Leading Question: Where in the writings of Paul does one find the best description of the conflict between good and evil?

The official study for this week lists five significant theological passages from the writings of the Paul, but the role of Satan is explicit in only one of them (Eph. 6:11-17). Indeed, that entire passage reeks of warfare against “the devil’s schemes” (6:11, NIV). In some other passages Paul mentions Satan as in 2 Cor. 11:14 (“Satan himself masquerades as an angel of light”) and in 2 Thess. 2:9 (“The coming of the lawless one will be in accordance with how Satan works”). But there is little conceptual grappling with the forces of evil or their titular head, Satan.

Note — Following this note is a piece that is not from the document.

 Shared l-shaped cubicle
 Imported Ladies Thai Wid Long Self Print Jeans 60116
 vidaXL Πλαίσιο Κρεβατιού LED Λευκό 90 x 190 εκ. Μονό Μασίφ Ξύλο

Is it possible that Paul – who, of all the New Testament writers, is the one most likely to favor something close to predestination (cf. Romans 8 and 9) – simply is not keen on emphasizing a conflict in which the human will plays a prominent role? Is it possible that those of a predestinarian bent, those most impressed by the sovereignty of God, are least likely to highlight the role of Satan? Adventists, of course, might recognize the paradoxical relationship between grace and free will, but would affirm both. By contrast, Augustine (d. 430), known as the “Doctor of Grace,” can be quoted as denying free will in the interest of grace: “In trying to solve this question I made strenuous efforts on behalf of the preservation of the free choice of the human will, but the grace of God defeated me.” – from Henry Chadwick, Augustine (Oxford, 1986), 117, citing Retractationes ii.1 (addressed to Simplicianus of Milan).

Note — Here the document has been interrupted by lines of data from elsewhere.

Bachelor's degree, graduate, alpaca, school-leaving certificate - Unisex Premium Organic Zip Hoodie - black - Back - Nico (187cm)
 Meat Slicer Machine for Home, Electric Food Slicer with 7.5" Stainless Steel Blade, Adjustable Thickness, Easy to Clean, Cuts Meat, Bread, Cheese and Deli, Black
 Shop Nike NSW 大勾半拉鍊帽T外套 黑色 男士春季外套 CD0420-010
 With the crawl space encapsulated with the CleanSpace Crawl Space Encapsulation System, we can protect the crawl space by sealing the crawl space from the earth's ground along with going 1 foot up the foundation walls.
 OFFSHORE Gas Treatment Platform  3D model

What Paul does emphasize (also Augustine) is the all-encompassing role of Christ as our sacrifice and redeemer. We can insert his crucial insights into a “a great controversy” framework, but the nuts and bolts of that conflict will have to come from elsewhere.

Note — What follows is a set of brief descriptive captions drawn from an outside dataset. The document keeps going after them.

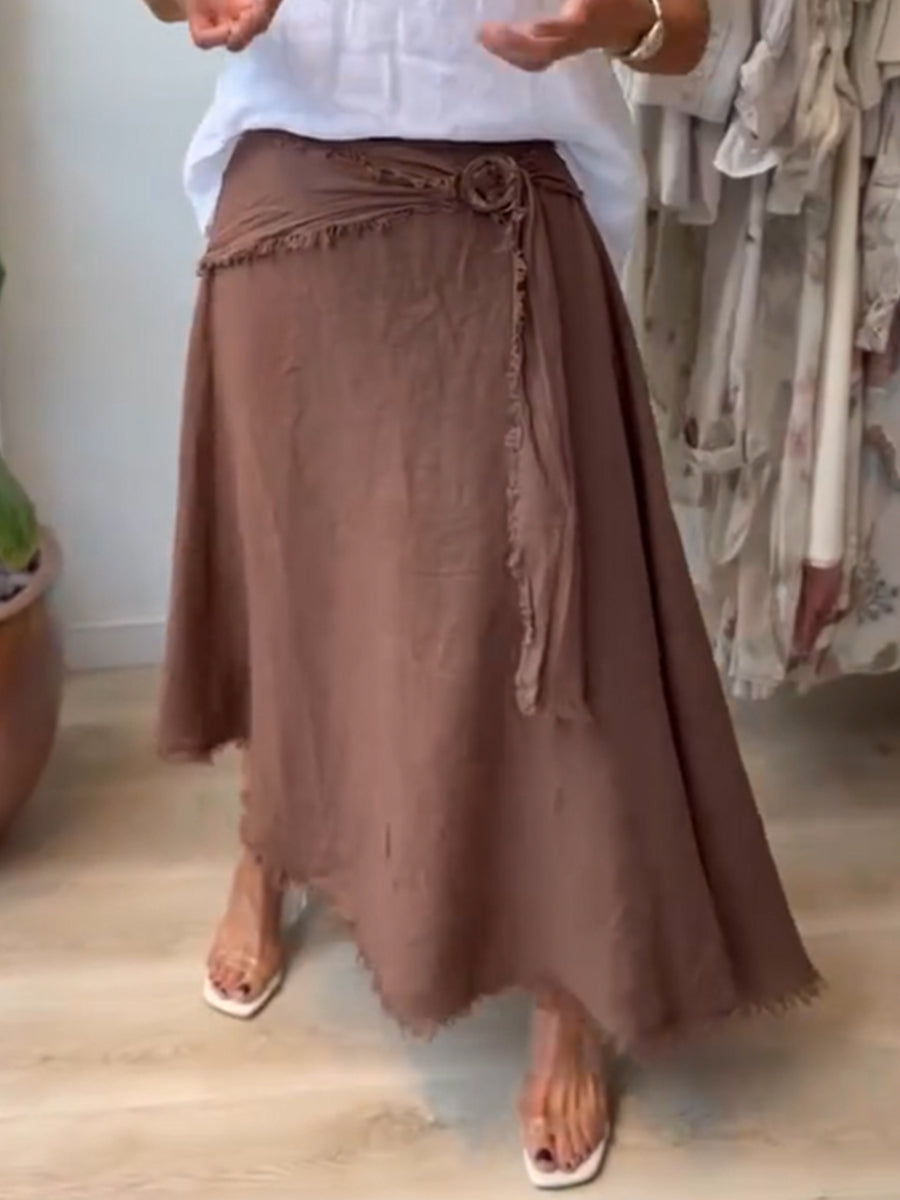 Casual Frayed-edge Linen-cotton Blend Wrap Midi Skirt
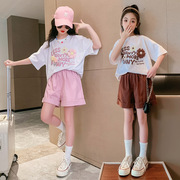 女童夏季套装2023儿童薄款运动休闲小女孩立体花朵短裤两件套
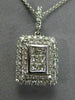 ESTATE LARGE 1CT DIAMOND 14K WHITE GOLD RECTANGULAR FILIGREE DOUBLE HALO PENDANT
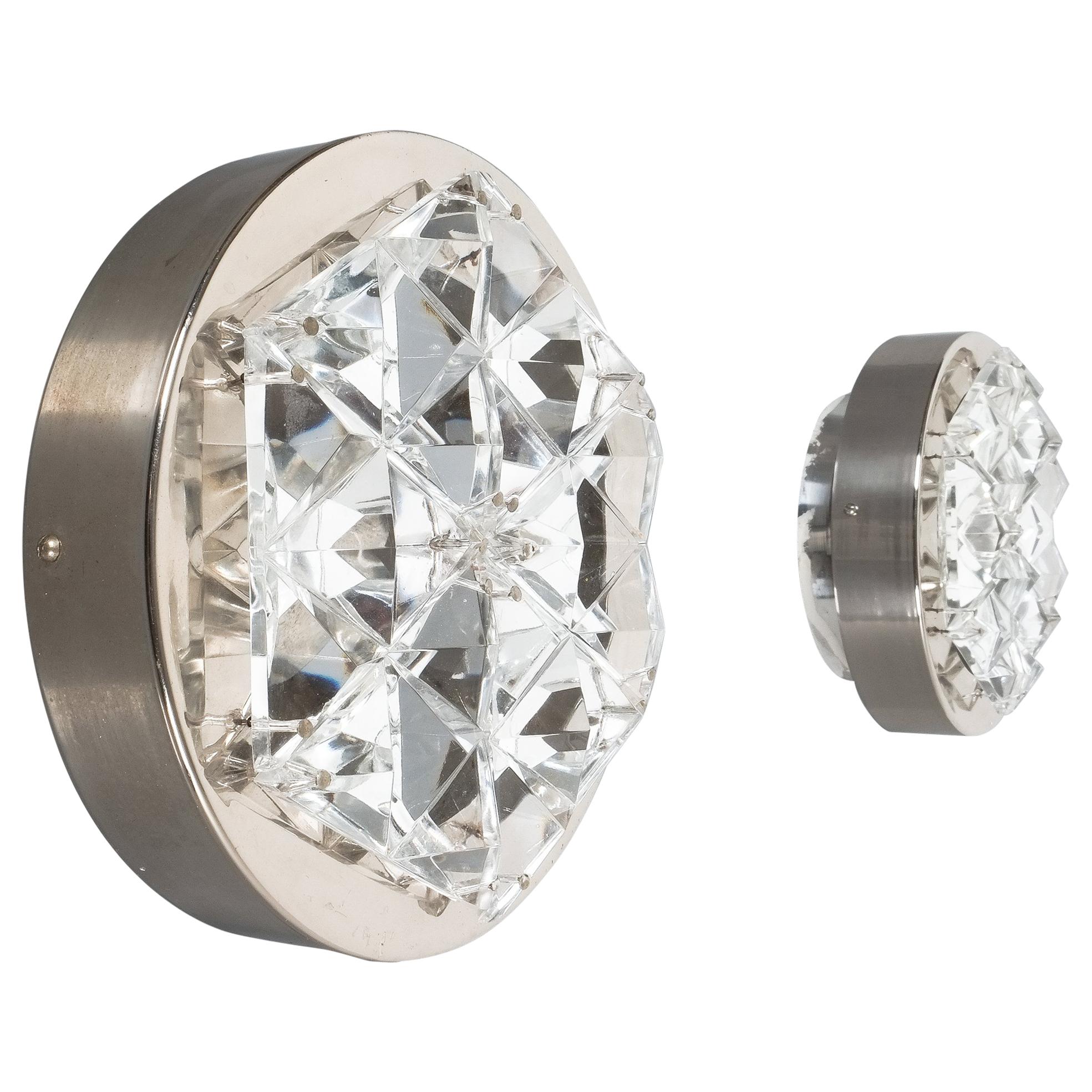 Chromed Facetted Crystal Midcentury Dot Sconces (6 pieces), Austria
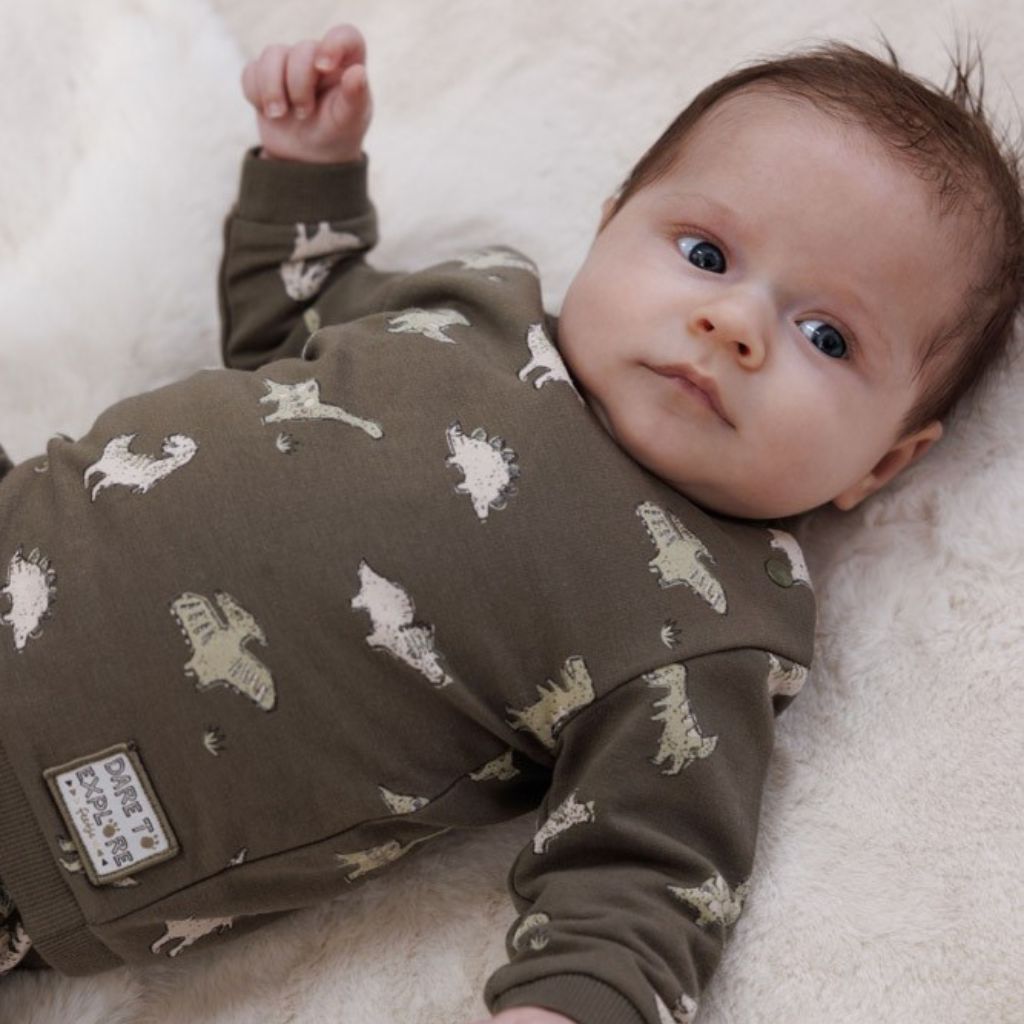 Feetje Sweater AOP - Rawrsome Olive Jongen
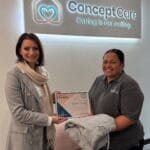 Employee receiving recognition for dedication and professionalism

These are the contexts which included in this whirlwind tour of “Paul and the Rebellion.”

Romans 5:12-21: Christ the second Adam.

1 Cor. 3:12-17: God’s people as God’s temple.

1 Cor. 12:14-26: The Body of Christ.

1 Cor. 15:12-56: Christ overcomes death, the last enemy.

Eph. 6:11-17: God’s armor against the enemy.

Question: Can emphasizing God’s sovereignty make the “Great Conflict” virtually redundant?